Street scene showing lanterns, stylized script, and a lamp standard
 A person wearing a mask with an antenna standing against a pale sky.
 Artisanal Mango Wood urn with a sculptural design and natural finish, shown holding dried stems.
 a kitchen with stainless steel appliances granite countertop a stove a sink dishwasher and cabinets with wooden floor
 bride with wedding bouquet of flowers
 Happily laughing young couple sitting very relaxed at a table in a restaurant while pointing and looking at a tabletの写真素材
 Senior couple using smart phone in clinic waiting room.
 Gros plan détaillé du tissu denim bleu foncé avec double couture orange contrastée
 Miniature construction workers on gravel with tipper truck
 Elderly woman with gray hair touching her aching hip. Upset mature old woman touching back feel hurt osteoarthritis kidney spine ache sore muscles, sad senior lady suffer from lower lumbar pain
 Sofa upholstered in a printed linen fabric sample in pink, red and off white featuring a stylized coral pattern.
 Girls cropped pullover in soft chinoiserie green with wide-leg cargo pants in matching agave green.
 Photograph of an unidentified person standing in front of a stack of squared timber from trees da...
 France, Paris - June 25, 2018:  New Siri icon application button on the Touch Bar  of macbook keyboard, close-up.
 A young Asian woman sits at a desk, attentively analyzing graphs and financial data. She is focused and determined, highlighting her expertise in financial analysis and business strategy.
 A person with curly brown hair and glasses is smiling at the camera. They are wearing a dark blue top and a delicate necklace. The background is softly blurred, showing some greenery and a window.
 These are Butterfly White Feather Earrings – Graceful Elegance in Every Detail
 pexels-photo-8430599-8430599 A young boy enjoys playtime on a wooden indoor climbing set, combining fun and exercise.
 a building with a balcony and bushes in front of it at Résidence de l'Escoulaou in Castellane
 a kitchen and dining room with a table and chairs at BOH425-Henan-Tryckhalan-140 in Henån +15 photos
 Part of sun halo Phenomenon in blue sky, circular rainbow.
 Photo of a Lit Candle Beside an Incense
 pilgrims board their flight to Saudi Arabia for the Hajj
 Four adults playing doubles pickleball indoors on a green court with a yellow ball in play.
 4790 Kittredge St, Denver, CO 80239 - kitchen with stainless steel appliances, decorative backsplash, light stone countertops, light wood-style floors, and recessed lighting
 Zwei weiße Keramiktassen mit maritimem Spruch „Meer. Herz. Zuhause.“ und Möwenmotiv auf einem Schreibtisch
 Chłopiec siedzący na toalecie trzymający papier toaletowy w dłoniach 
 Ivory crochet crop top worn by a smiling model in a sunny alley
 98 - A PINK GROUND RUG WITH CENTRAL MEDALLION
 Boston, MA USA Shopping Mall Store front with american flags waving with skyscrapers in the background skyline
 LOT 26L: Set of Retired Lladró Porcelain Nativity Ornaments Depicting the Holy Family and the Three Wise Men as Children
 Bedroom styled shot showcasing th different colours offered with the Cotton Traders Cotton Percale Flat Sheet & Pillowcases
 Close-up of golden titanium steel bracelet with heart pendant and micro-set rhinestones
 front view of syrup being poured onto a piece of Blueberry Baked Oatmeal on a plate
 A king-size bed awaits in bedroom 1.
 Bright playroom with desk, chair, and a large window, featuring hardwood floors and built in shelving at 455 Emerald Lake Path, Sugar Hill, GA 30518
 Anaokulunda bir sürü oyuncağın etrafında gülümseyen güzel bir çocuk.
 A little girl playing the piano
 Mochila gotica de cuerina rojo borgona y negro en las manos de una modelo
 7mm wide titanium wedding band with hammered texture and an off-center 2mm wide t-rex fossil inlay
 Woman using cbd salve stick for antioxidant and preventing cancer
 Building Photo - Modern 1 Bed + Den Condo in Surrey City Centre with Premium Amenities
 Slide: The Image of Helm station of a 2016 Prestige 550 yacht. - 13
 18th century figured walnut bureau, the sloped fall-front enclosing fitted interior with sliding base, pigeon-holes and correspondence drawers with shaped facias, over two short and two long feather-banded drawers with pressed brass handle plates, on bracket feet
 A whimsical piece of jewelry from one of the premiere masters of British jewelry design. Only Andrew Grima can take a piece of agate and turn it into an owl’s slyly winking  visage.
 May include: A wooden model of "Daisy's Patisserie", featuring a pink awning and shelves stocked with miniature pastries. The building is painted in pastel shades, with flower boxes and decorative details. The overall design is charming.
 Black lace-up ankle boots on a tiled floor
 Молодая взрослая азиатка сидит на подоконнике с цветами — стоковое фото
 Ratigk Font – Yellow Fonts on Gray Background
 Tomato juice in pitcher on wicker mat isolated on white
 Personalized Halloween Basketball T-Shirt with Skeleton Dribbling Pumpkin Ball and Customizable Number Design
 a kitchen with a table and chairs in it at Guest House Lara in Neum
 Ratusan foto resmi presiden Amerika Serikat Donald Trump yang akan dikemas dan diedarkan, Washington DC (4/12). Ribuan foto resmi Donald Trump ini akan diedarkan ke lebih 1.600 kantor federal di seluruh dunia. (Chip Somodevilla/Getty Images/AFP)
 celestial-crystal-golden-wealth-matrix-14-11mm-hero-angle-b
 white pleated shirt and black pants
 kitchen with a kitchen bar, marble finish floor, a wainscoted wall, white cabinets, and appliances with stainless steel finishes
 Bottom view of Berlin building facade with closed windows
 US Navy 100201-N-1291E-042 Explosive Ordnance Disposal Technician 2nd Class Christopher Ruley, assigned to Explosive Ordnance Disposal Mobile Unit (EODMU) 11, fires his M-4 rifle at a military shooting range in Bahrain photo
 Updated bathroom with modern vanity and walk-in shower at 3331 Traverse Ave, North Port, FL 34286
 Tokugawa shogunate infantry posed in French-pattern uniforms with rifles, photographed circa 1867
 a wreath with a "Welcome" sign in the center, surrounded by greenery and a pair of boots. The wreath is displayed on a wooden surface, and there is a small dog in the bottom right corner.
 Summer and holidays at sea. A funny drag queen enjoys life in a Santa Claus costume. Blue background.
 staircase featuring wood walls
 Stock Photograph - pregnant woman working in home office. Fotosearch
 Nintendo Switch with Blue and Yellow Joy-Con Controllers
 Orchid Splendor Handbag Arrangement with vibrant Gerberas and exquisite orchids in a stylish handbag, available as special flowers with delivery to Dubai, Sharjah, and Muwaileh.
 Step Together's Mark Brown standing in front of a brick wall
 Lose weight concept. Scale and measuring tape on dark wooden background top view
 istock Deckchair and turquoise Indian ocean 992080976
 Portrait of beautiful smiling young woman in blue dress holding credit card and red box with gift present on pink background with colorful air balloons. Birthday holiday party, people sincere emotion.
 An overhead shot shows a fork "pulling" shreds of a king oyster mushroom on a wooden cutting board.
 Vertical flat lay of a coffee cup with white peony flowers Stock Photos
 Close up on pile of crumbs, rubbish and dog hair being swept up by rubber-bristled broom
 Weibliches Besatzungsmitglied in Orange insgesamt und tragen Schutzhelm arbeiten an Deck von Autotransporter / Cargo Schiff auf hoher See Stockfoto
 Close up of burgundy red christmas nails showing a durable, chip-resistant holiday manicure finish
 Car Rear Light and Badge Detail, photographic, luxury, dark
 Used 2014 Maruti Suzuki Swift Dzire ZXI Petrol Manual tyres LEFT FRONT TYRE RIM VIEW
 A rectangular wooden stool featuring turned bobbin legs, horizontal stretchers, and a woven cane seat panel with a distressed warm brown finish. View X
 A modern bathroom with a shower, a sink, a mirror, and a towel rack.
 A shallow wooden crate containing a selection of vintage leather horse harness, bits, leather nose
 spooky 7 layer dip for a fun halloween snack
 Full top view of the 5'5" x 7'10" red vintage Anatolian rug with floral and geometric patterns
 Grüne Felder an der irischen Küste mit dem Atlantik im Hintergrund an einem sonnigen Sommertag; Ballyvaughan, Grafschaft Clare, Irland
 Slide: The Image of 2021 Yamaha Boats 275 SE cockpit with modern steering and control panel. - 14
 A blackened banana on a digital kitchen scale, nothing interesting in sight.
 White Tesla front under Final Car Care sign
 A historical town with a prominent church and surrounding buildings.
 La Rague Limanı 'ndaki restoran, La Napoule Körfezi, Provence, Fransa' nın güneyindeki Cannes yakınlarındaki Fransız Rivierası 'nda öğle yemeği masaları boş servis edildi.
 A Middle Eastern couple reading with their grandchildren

##########

PROBLEM STATEMENT.
In the entries above, the lines between the one holding "A modern bathroom" and the one holding "Full top view", inclusive, are to be printed exactly as written, and those alone.

ANSWER TO THIS EXERCISE.
 A modern bathroom with a shower, a sink, a mirror, and a towel rack.
 A shallow wooden crate containing a selection of vintage leather horse harness, bits, leather nose
 spooky 7 layer dip for a fun halloween snack
 Full top view of the 5'5" x 7'10" red vintage Anatolian rug with floral and geometric patterns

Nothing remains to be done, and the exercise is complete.